16 février 2025
#73 | chronique • tours et détours

De quoi est-il question dans les Petites histoires de Mues qui depuis octobre, animent le Carnet ? De ce que la mémoire fait aux choses passées, aux choses lointaines. Ces petites choses d’odeurs, de vues, de sons, de rythmes, de lumières, d’instants qui normalement s’effacent et désencombrent la mémoire, la machine de chair molle avec ses propres règles quand il s’agit d’oublier. 

Ou de faire autrement.

Non pas que j’aime ou cultive la différence. On aimerait tant ne pas dépasser de la ligne, se fondre dans le paysage.

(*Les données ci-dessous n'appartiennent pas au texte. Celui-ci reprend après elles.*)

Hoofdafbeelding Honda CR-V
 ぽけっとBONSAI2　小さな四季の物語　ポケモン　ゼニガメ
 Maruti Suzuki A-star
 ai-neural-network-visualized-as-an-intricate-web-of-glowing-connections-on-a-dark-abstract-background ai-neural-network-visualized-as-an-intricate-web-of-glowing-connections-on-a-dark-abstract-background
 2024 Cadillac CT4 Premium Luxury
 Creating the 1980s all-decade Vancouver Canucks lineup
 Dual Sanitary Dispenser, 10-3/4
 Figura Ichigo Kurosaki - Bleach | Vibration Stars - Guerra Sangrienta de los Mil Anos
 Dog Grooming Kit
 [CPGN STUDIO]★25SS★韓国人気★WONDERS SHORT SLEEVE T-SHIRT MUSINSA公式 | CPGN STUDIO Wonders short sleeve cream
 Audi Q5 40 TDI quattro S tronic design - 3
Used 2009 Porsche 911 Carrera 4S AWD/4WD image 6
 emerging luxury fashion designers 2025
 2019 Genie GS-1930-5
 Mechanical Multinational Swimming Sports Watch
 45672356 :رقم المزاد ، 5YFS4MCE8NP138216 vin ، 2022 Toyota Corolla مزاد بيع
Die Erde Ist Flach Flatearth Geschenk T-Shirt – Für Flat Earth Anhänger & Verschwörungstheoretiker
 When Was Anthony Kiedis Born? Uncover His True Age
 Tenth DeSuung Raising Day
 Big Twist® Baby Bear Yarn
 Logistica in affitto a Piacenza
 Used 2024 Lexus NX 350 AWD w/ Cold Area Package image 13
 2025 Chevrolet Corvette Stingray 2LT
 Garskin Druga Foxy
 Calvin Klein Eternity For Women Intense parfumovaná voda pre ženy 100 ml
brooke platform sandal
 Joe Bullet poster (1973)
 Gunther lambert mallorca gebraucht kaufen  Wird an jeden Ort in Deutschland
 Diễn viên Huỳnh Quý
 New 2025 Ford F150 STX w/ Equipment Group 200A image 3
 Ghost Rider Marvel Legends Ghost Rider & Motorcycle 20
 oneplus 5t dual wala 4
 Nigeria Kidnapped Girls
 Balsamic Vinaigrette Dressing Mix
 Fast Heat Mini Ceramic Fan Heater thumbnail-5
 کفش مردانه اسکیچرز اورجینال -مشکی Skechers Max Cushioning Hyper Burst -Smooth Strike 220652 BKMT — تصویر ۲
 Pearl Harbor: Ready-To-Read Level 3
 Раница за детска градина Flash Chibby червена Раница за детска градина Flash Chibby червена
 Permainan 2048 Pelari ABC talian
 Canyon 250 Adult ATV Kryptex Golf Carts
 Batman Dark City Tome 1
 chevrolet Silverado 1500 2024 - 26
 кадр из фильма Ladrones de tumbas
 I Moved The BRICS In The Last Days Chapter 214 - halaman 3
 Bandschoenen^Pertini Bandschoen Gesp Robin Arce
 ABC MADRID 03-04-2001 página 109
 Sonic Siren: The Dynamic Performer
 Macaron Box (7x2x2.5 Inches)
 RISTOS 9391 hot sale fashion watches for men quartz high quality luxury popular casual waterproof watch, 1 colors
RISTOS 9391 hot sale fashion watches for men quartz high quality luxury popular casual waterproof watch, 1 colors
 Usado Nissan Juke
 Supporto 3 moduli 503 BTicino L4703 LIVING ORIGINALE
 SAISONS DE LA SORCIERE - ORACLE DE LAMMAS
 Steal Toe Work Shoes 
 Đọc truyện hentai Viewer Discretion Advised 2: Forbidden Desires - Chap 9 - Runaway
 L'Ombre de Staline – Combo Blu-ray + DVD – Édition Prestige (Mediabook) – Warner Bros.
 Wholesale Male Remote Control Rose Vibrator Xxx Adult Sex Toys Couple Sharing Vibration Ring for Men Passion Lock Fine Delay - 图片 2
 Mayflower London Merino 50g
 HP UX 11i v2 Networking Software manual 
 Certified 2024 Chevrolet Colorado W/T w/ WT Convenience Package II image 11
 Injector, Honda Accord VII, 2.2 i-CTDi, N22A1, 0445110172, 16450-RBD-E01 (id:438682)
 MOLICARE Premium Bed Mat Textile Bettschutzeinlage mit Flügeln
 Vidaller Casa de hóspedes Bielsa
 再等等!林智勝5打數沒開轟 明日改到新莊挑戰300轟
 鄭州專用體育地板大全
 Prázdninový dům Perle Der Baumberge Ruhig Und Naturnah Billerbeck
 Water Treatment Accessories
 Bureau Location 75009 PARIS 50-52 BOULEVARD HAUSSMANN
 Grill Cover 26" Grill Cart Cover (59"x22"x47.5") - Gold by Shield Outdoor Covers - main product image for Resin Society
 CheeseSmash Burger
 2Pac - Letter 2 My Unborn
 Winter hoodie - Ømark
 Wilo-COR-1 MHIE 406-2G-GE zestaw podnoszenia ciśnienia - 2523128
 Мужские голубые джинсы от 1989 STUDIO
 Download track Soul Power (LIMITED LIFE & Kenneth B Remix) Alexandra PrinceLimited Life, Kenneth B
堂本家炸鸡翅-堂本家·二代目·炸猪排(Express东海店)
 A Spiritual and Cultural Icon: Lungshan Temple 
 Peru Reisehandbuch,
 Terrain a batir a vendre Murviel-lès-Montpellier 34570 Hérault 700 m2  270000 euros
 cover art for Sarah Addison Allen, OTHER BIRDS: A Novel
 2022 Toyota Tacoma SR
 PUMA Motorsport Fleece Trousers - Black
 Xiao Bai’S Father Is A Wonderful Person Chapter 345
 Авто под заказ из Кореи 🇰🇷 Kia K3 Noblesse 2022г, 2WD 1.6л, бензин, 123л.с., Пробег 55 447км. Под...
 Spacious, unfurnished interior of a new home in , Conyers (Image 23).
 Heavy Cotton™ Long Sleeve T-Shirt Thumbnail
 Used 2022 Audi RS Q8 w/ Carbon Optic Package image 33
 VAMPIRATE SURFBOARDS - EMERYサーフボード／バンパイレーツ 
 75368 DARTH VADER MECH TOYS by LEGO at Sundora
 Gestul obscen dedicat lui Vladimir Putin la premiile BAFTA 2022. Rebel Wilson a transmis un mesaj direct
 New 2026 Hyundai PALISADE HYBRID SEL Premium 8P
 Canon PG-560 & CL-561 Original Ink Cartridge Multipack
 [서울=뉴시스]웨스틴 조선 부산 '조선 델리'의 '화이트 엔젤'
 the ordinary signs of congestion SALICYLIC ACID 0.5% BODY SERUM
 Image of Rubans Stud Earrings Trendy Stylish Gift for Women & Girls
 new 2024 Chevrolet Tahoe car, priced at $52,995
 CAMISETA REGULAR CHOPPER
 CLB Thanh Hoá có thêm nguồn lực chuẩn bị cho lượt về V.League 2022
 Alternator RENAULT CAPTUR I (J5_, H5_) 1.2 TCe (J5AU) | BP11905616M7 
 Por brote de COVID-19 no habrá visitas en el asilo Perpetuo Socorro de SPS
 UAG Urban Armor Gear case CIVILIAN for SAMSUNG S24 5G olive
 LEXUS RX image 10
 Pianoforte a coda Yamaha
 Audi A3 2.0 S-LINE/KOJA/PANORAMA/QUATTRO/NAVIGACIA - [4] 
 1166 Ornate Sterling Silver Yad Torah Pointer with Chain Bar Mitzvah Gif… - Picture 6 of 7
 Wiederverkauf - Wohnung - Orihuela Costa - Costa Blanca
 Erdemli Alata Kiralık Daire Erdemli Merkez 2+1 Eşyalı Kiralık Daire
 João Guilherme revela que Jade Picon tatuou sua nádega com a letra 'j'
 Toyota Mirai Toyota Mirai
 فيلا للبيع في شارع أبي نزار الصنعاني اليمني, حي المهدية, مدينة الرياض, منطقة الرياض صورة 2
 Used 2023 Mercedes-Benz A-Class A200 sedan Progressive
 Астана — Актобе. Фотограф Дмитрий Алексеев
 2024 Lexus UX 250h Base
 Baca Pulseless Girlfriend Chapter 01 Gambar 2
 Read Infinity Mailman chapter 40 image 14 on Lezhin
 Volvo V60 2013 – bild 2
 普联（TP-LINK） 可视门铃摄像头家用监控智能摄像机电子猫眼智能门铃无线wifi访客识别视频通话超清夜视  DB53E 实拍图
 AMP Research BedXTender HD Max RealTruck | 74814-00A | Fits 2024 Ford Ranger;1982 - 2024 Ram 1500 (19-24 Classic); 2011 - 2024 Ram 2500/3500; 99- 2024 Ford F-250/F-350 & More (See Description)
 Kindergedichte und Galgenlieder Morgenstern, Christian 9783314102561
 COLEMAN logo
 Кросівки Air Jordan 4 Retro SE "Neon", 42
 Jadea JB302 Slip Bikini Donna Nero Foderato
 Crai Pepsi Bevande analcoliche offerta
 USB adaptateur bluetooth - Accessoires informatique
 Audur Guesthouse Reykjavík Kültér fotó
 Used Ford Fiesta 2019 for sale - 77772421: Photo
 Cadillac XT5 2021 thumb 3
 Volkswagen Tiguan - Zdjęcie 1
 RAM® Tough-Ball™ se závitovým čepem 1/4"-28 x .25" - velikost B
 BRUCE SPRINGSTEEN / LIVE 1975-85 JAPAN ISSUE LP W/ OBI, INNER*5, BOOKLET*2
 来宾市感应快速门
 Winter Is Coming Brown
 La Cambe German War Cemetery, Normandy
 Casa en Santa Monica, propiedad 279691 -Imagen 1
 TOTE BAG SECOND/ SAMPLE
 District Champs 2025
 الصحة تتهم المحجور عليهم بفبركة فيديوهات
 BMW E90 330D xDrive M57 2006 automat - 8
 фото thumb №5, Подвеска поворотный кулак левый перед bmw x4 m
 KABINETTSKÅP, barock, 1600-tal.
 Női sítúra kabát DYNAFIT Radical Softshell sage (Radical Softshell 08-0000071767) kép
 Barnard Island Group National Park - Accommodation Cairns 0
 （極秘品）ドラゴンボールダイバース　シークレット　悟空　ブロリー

La mémoire extensible, qui sent, qui convoque, qui classe jour après jour depuis toujours, produit en retour la sensation de déjà-vu, de déjà-entendu, elle construit de l’avance sur ce que l’autre — toi en face de moi — est en train de dire, et dans l’élan finit la phrase qui butte dans ta bouche. La mémoire toujours s’active ne supporte pas l’ennui, et elle s’ennuie à la vitesse de l’éclair — c’est un fonctionnement physiologique pas un trait de caractère — alors pour éviter l’ennui, le contrer, créer du neuf, elle est prompte et dévie inlassablement le risque en traitant de l’information, de l’action, inventant des rêveries, des tourbillons de choses indescriptibles en quelques mots.

Mais ce n’est pas tout.

Si depuis quatre paragraphes j’en suis à disséquer ma mémoire trop prolixe, j’avais l’idée de venir écrire aujourd’hui à propos des notes de lecture, et ce qu’elles font à l’écriture. Seulement ma mémoire est aussi capable d’oublier le geste ou l’intention. Il y a quinze jours, j’entamais d’écrire cette chronique Mémoire, pour faire série, pour continuer à penser les aides à l’écriture lancée lors de la chronique #70. Le thème me résiste et je ne trouve pas de conclusion, je le « mets en attente » et boucle en vitesse la micro fiction #71. La semaine dernière, toujours trop vite, je file au bout du document, je repars d’où j’en étais, après le livre qui compte ce sera l’amour ne tire pas les cheveux #72. Ce vendredi je parcours le document une nouvelle fois et… mes yeux repèrent enfin la chronique laissée en attente, coincée avec les textes terminés, je m’y plonge et dans le même instant, s’efface mon intention première — il me faut relire ce texte pour me la rappeler — d’écrire à propos du role et usage des notes de lectures où je voulais dire ma manière de les perdre et du besoin de les garder vivantes et ouvertes, et du choix d’être accompagnée pour apprendre à mieux le faire. 

Ici et maintenant, les choses de mémoires et de notes bouclent chacune leur spirale inversée.